Write out all the data again, exactly as shown.

◆ The data:
--

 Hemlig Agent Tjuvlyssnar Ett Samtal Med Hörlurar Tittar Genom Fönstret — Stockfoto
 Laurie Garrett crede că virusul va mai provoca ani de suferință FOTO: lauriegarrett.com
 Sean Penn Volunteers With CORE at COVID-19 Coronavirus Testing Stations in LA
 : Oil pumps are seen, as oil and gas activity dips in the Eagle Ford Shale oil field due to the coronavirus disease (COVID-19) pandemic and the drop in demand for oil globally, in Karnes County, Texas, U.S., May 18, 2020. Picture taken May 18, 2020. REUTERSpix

--

◆ Output of the task:
 Hemlig Agent Tjuvlyssnar Ett Samtal Med Hörlurar Tittar Genom Fönstret — Stockfoto
 Laurie Garrett crede că virusul va mai provoca ani de suferință FOTO: lauriegarrett.com
 Sean Penn Volunteers With CORE at COVID-19 Coronavirus Testing Stations in LA
 : Oil pumps are seen, as oil and gas activity dips in the Eagle Ford Shale oil field due to the coronavirus disease (COVID-19) pandemic and the drop in demand for oil globally, in Karnes County, Texas, U.S., May 18, 2020. Picture taken May 18, 2020. REUTERSpix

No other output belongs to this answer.